Material for this task Start Marker

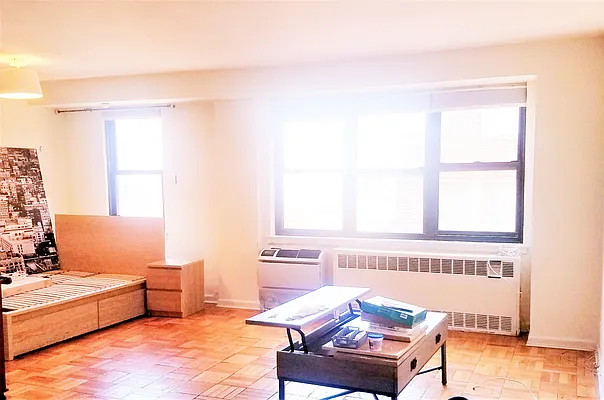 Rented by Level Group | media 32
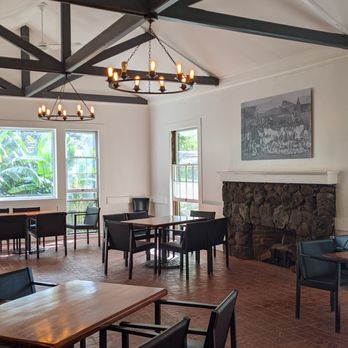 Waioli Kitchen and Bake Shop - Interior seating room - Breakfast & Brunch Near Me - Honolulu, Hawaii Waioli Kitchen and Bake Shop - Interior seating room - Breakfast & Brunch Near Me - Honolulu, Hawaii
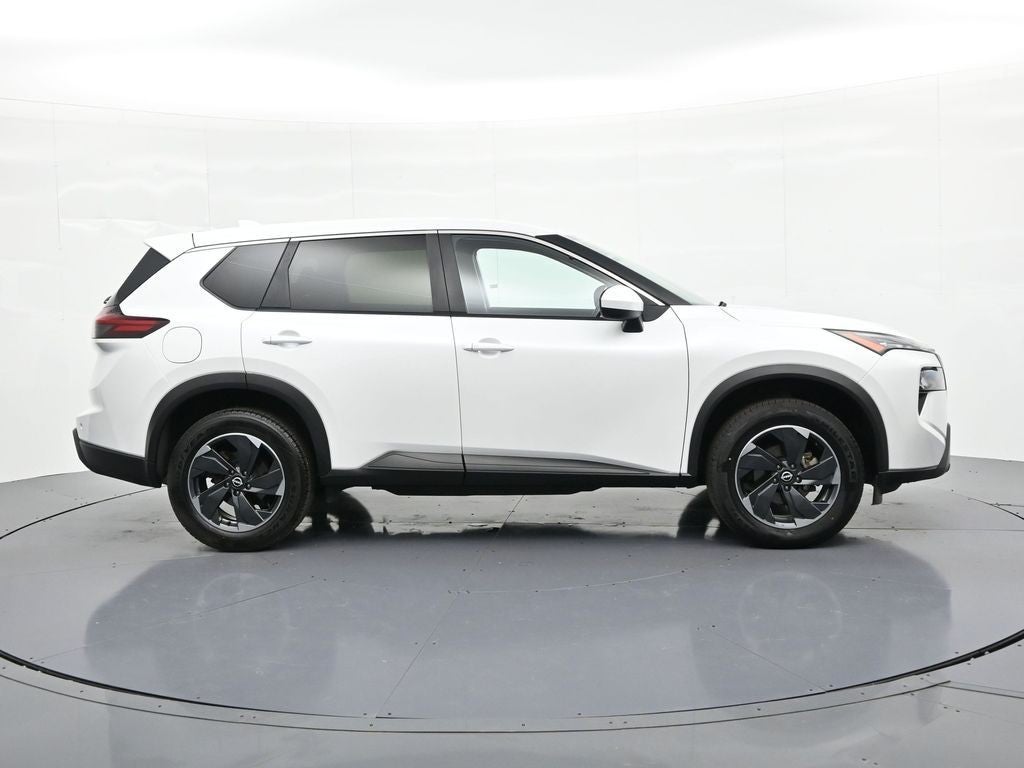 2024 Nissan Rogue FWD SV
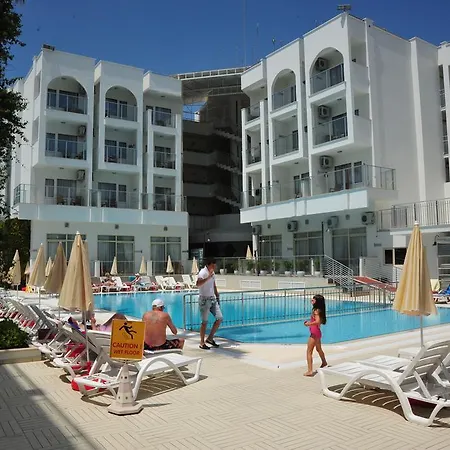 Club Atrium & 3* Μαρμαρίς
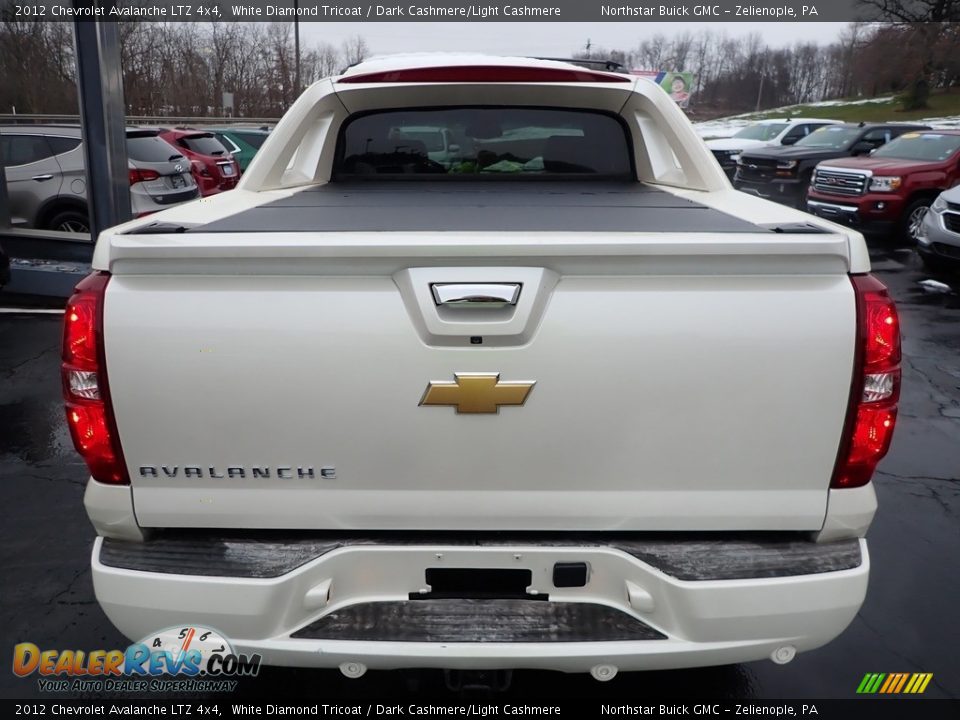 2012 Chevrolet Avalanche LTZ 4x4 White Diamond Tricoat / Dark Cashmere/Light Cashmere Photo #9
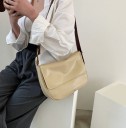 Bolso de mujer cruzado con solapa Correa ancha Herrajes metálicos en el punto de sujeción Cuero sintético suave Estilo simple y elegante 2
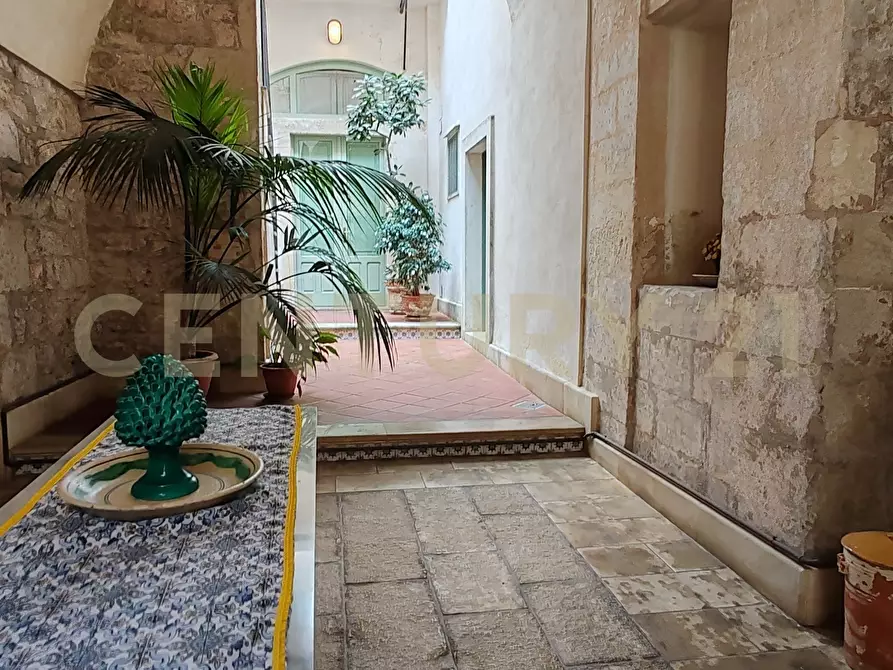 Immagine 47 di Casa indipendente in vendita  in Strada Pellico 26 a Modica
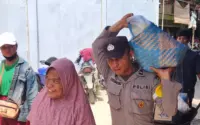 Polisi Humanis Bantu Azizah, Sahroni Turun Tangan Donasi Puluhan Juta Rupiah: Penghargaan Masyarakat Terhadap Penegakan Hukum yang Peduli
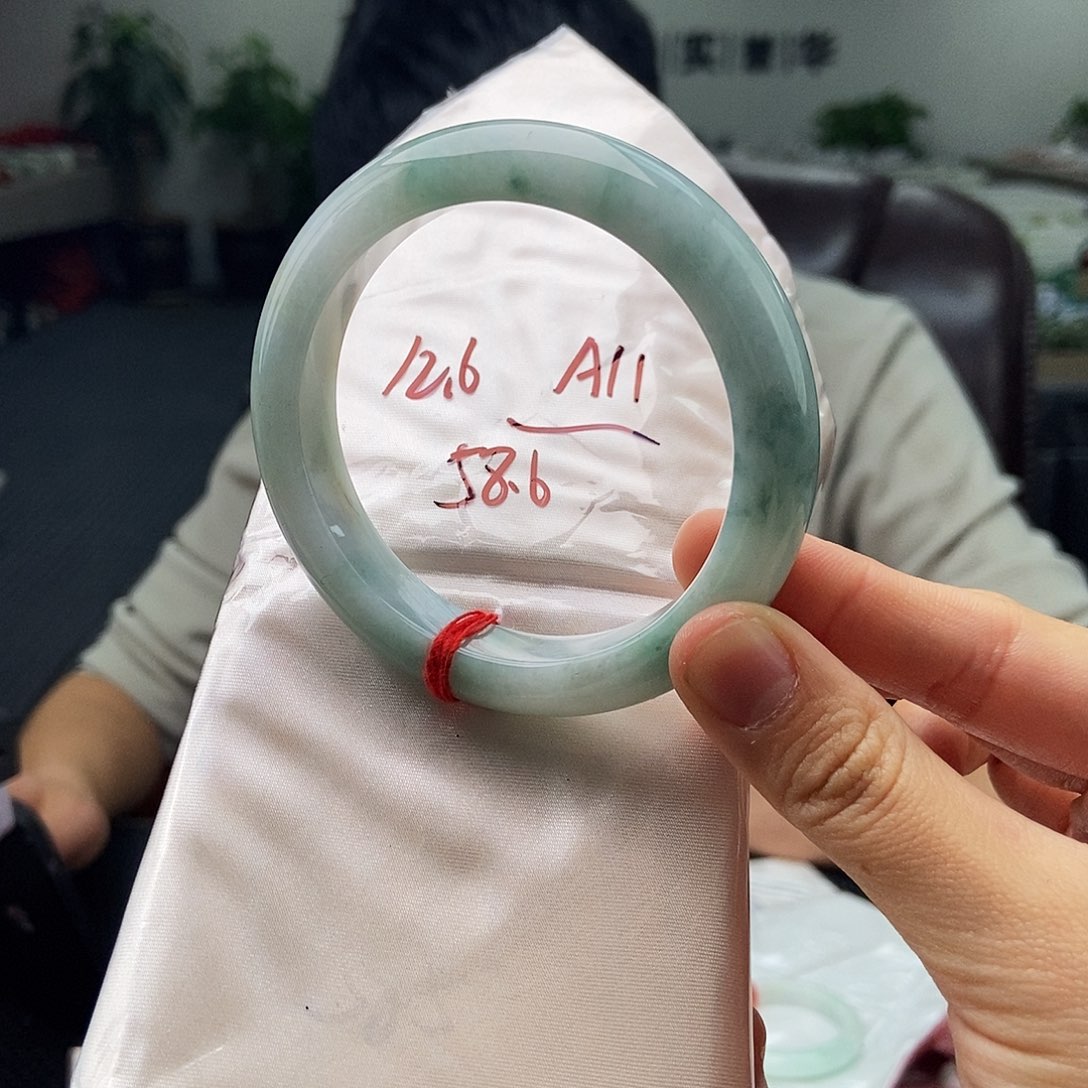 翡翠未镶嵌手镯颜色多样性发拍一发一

Material for this task End Marker

What to produce
The answer must be an exact restatement of all the records, with no pictures included.

Answer to this exercise
 Rented by Level Group | media 32
 Waioli Kitchen and Bake Shop - Interior seating room - Breakfast & Brunch Near Me - Honolulu, Hawaii Waioli Kitchen and Bake Shop - Interior seating room - Breakfast & Brunch Near Me - Honolulu, Hawaii
 2024 Nissan Rogue FWD SV
 Club Atrium & 3* Μαρμαρίς
 2012 Chevrolet Avalanche LTZ 4x4 White Diamond Tricoat / Dark Cashmere/Light Cashmere Photo #9
 Bolso de mujer cruzado con solapa Correa ancha Herrajes metálicos en el punto de sujeción Cuero sintético suave Estilo simple y elegante 2
 Immagine 47 di Casa indipendente in vendita  in Strada Pellico 26 a Modica
 Polisi Humanis Bantu Azizah, Sahroni Turun Tangan Donasi Puluhan Juta Rupiah: Penghargaan Masyarakat Terhadap Penegakan Hukum yang Peduli
 翡翠未镶嵌手镯颜色多样性发拍一发一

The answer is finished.